*INSTRUCTIONS FOR THE TASK*
Could you repeat the entries below exactly, but only from the line with "Susuz yetişen çeşni" through the line with "Скифский охотник стреноживает", and without any picture?

EXERCISE MATERIALS below:

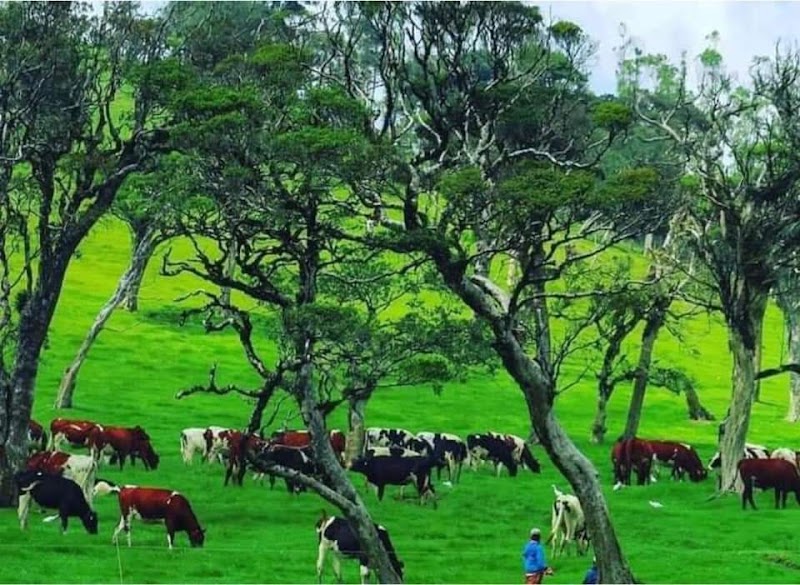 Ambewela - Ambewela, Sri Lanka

End of EXERCISE MATERIALS.
EXERCISE MATERIALS below:

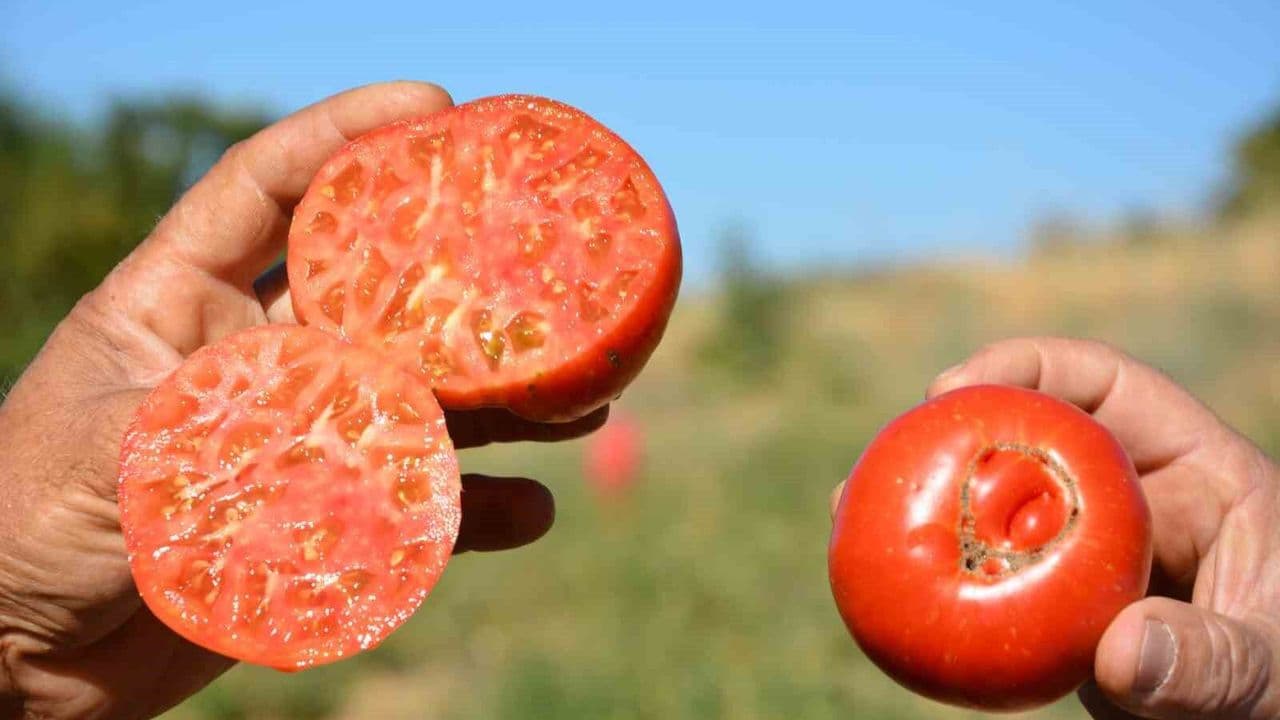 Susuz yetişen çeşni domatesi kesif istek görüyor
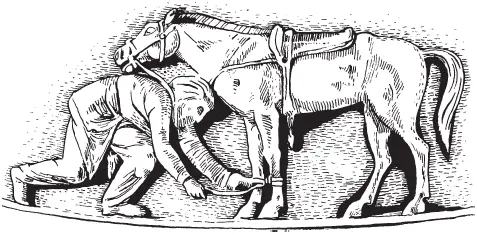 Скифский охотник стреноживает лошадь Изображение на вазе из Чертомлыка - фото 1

End of EXERCISE MATERIALS.

*SOLUTION TO THIS TASK*
 Susuz yetişen çeşni domatesi kesif istek görüyor
 Скифский охотник стреноживает лошадь Изображение на вазе из Чертомлыка - фото 1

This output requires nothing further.